Only the lines from the top of the listing below through the line containing "A more common" should be output, exactly and with no pictures.

Supplied records below:

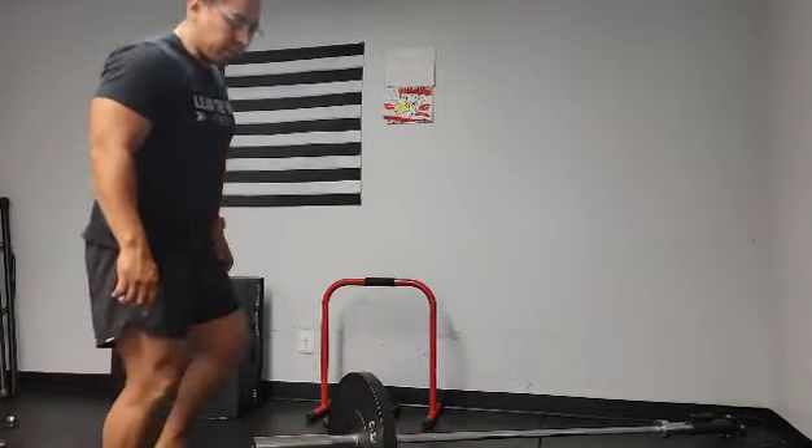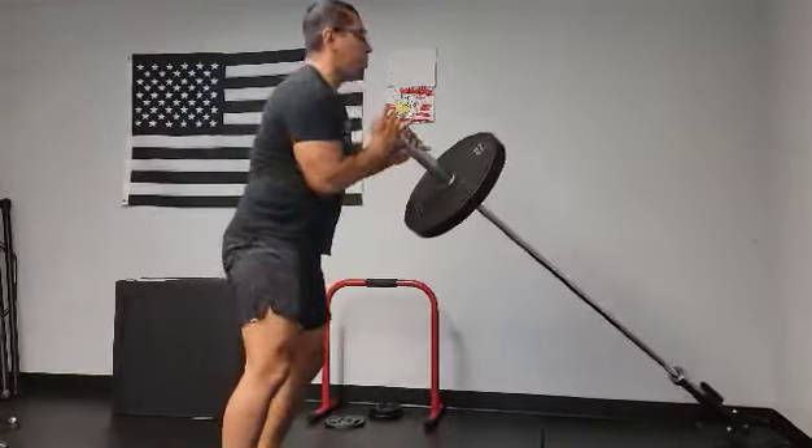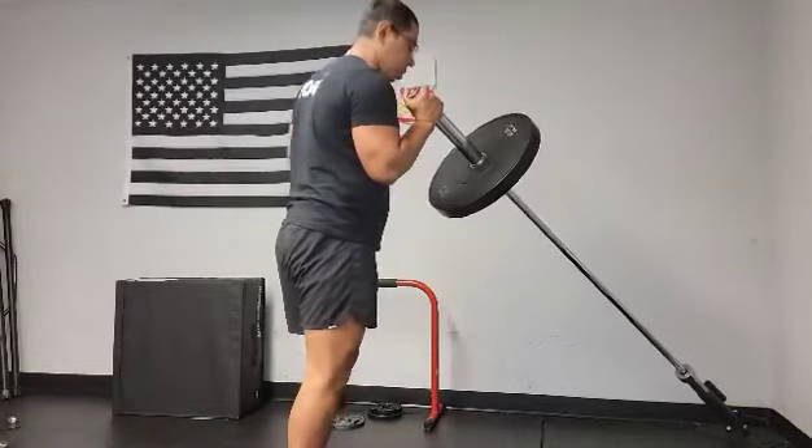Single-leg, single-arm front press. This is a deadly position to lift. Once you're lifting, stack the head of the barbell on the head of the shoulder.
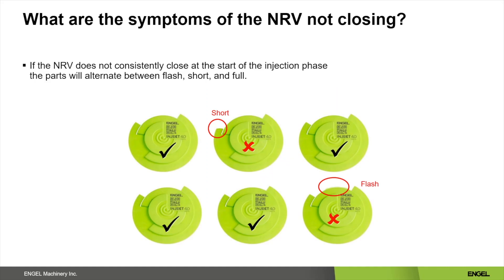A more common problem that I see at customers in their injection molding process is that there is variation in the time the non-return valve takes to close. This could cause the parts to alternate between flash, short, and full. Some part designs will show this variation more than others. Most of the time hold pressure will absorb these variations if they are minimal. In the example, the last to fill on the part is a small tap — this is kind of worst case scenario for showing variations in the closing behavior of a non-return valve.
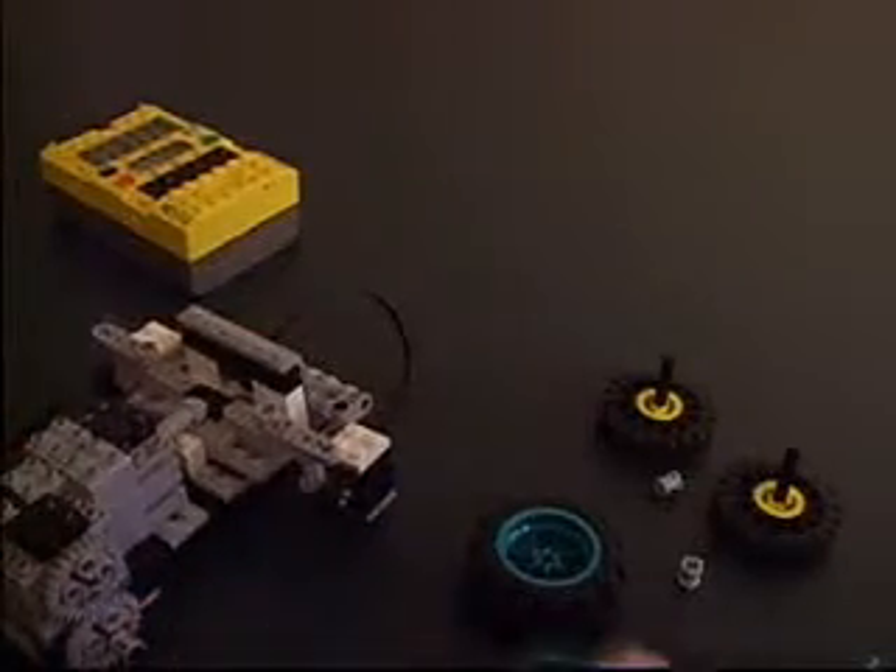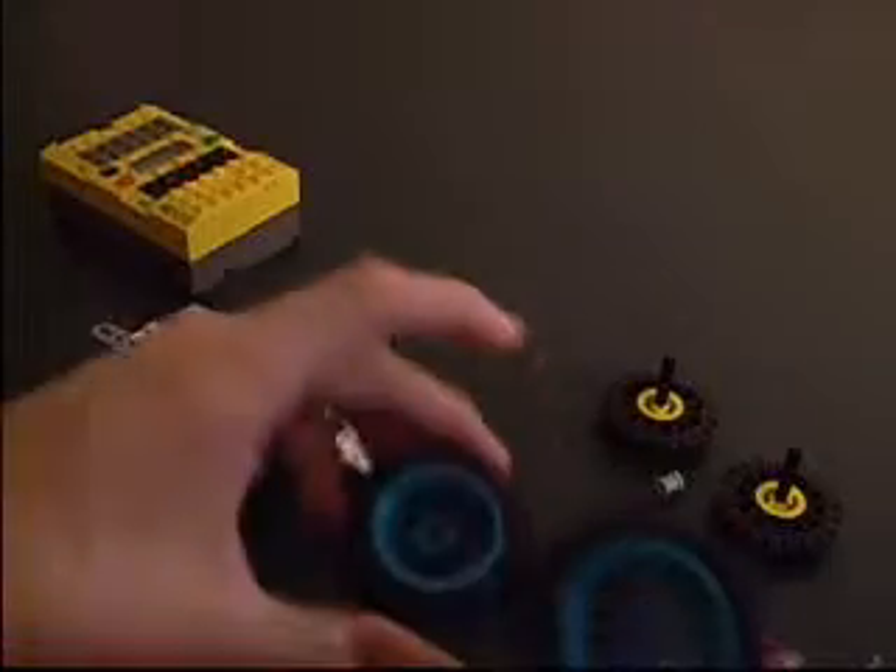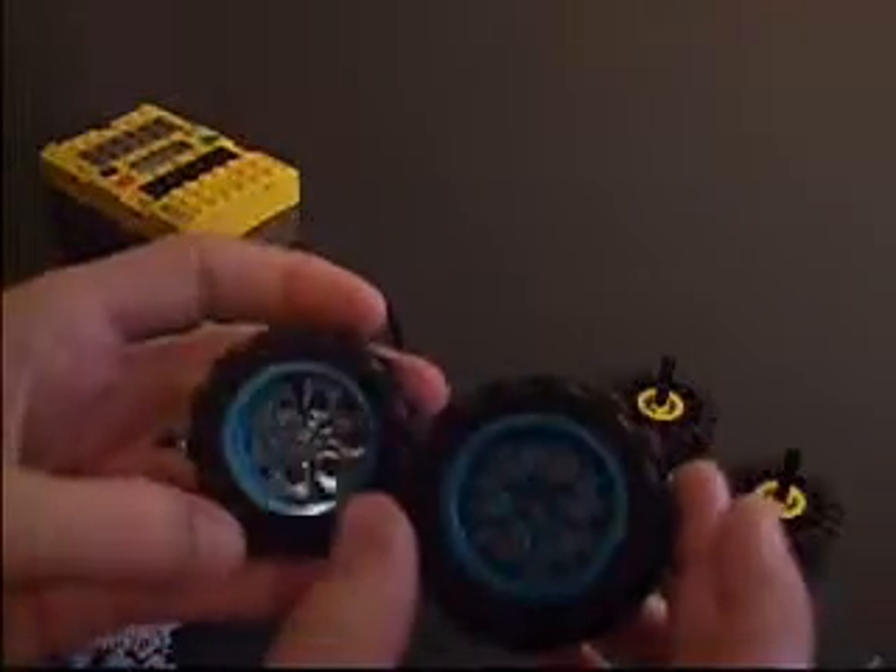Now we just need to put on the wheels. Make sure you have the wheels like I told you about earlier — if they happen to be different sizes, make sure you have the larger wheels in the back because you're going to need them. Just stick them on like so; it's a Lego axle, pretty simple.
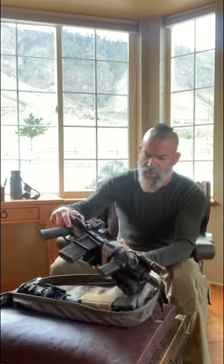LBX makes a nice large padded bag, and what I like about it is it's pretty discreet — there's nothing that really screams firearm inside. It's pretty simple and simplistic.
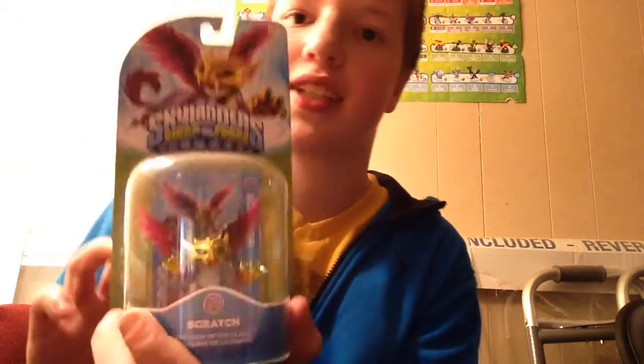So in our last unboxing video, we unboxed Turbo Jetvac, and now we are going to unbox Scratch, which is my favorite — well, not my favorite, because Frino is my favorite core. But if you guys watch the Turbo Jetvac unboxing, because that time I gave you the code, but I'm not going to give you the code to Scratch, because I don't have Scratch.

End of Supplied records.

» **Response to this task**
Single-leg, single-arm front press. This is a deadly position to lift. Once you're lifting, stack the head of the barbell on the head of the shoulder.
A more common problem that I see at customers in their injection molding process is that there is variation in the time the non-return valve takes to close. This could cause the parts to alternate between flash, short, and full. Some part designs will show this variation more than others. Most of the time hold pressure will absorb these variations if they are minimal. In the example, the last to fill on the part is a small tap — this is kind of worst case scenario for showing variations in the closing behavior of a non-return valve.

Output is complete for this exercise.